Saturday, September 1, 2007

Was Senator Craig Really Looking For Gay Sex Or Did He Just Get The Morse Code Wrong?

You know what gets me? The description of what Idaho Senator John Craig did in that Minnesota bathroom. I'm a pretty well read guy. I mean, I read tons of stuff in the paper and on the internet every day. I had no idea how exactly random bathroom gay hookups were accomplished. I learn something new every day. I particularly liked his explanation that when he uses the can, he has a wide stance. That fact alone should be grounds for a recall. No man should violate the invisibile line that is your domain in the bathroom. Look Senator Craig: the rules are simple. No talking, no acknowledgement of another man's gastronomical distress, courtesy flushes are encouraged, no repeated attempts to enter an occupied stall, and certainly no foor or hand intrustion to my poopeytrooper drop zone.

I've tapped my foot plenty of times in bathrooms, whether public restrooms or the bathroom at home. It's because I'm a type A personality. And I've never propositioned for gay sex. If it isn't tapping a foot, it's jingling change or car keys, drumming a desk, table, or armrest of a chair with my fingers, or repeatedly clicking pen. Honestly, isn't it possible that Sen. Craig was just killing time while taking care of a matter of a personal nature? Or did he just get the Morse Code wrong?

"I'm not gay. I don't do these kinds of things," Craig told the officer. "You shouldn't be out to entrap people." Any gay man knows what tapping your foot while sitting on the john in a public toilet means. It means you are available. And here’s another thing. Any gay man knows the difference between some guy in a stall tapping his foot to the beat of the latest Wham song on his Walkman. A Tap, Tap, Tap means you are “looking.” The cops know it, too. If a man in the stall next door goes, tappity, tap, tap, tappity, tap, tap, the cop knows that the person is not looking. If the person is going Tap, Tap, Tap it’s plenty obvious.

Craig may announce at a news conference in Boise this morning that he will resign his seat (pun intended). The announcement follows by just five days the disclosure that he had pleaded guilty Aug. 1 to a reduced misdemeanor charge arising out of his arrest June 11 at the Minneapolis airport. The three-term Republican senator had maintained that he did nothing wrong except for making the guilty plea without consulting a lawyer. But he found almost no support among Republicans in his home state or Washington. Heck, how many more of these guys want to be exposed and open the door to Hillary Clinton as President?

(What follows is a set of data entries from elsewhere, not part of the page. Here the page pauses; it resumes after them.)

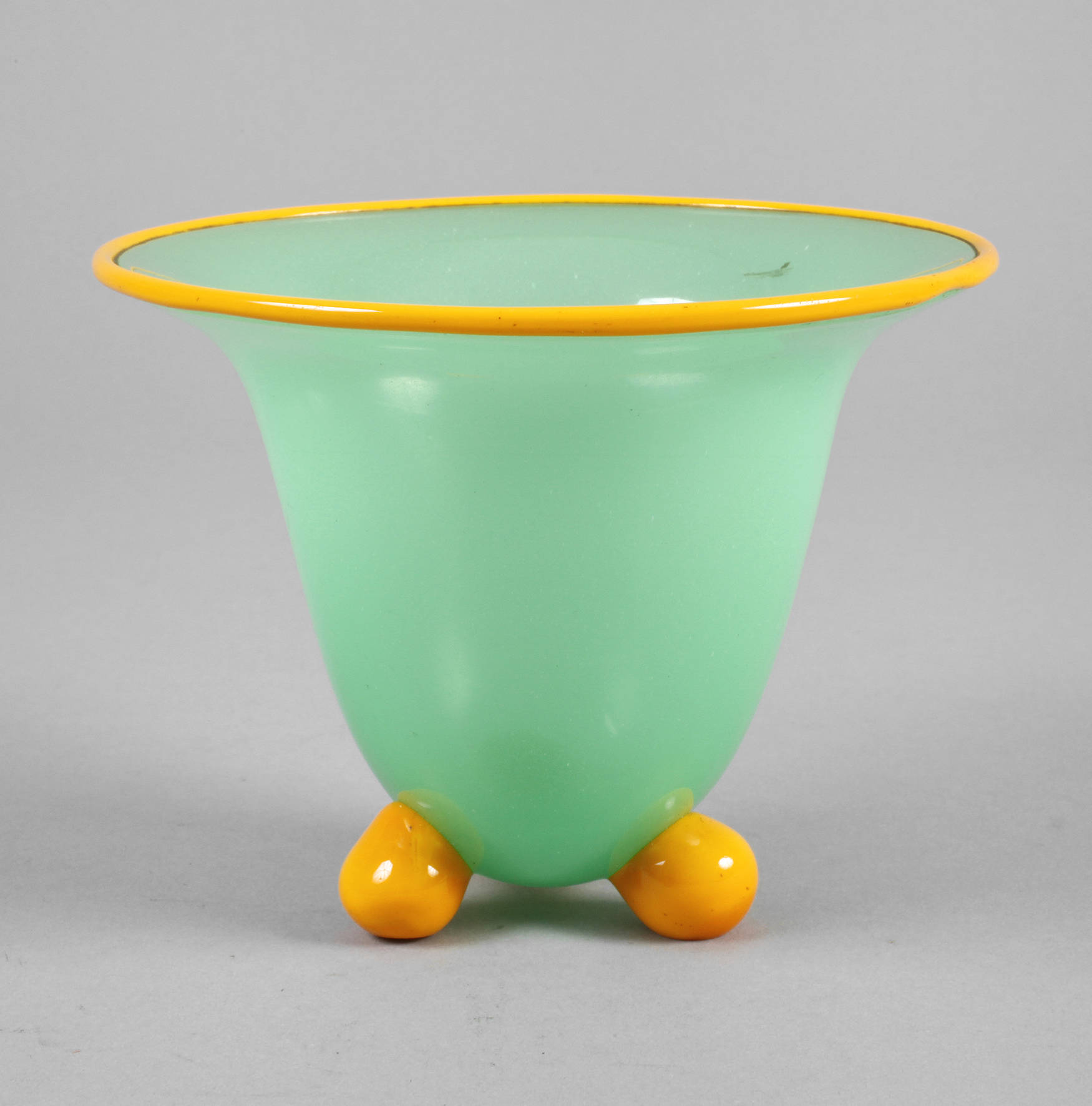 Loetz Wwe. Schale ”Tango”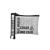 CYPBRANDS Unisex Kids Real Madrid Color One Club wallet white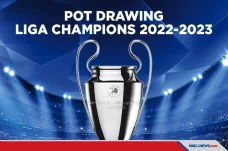 Pot Drawing 32 Peserta...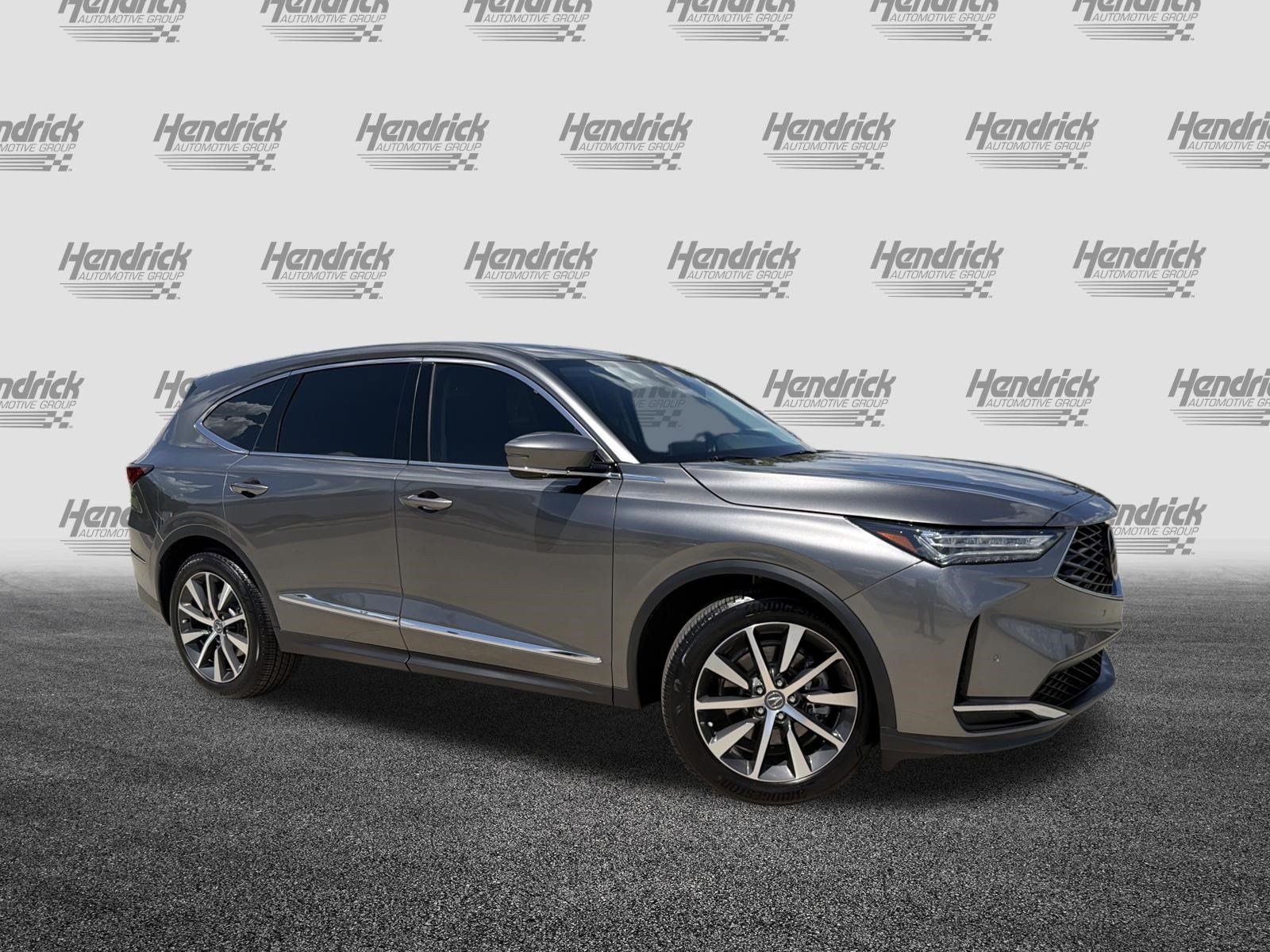 Certified 2026 Acura MDX w/ Technology Package FWD image 2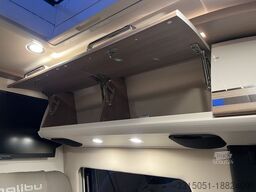 MALIBU 641 LE Autark+ Lithium+Chassis-Plus+Markise+LED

Our politicians in Washington have a wee bit of a reputation for this type of crap. I mean, look at their record here...

In July, U.S. Sen. David Vitter, R-La., acknowledged having been in touch with the D.C. Madam, whose phone records were examined by an investigator for Hustler magazine publisher Larry Flynt. Vitter went into seclusion for a week, then had a news conference with his wife to apologize for his conduct.

Last fall, Mark Foley, a Republican congressman from Florida, resigned from Congress after news reports surfaced that he sent lewd computer messages to a former congressional page. Last week, a Florida newspaper reported that he is unlikely to face criminal charges.

In 1998, the House of Representatives impeached President Bill Clinton after his affair with former intern Monica Lewinsky became public. The Senate acquitted the Democratic president.

And at the height of the public interest in Clinton’s affair with Lewinsky, Idaho had its own Washington sex scandal when the late U.S. House Rep. Helen Chenowith, a Republican, admitted that she had once had a six-year affair with a married man.



I hope you've all learned a few things from today's episode of Discover Insanity. Don't be a politician is one. Get that Restless Leg Syndrome fixed quickly is two. And three, there is only one piece of business you should be doing in the bathroom!

And I thought 3 taps meant ‘pass the business section!’.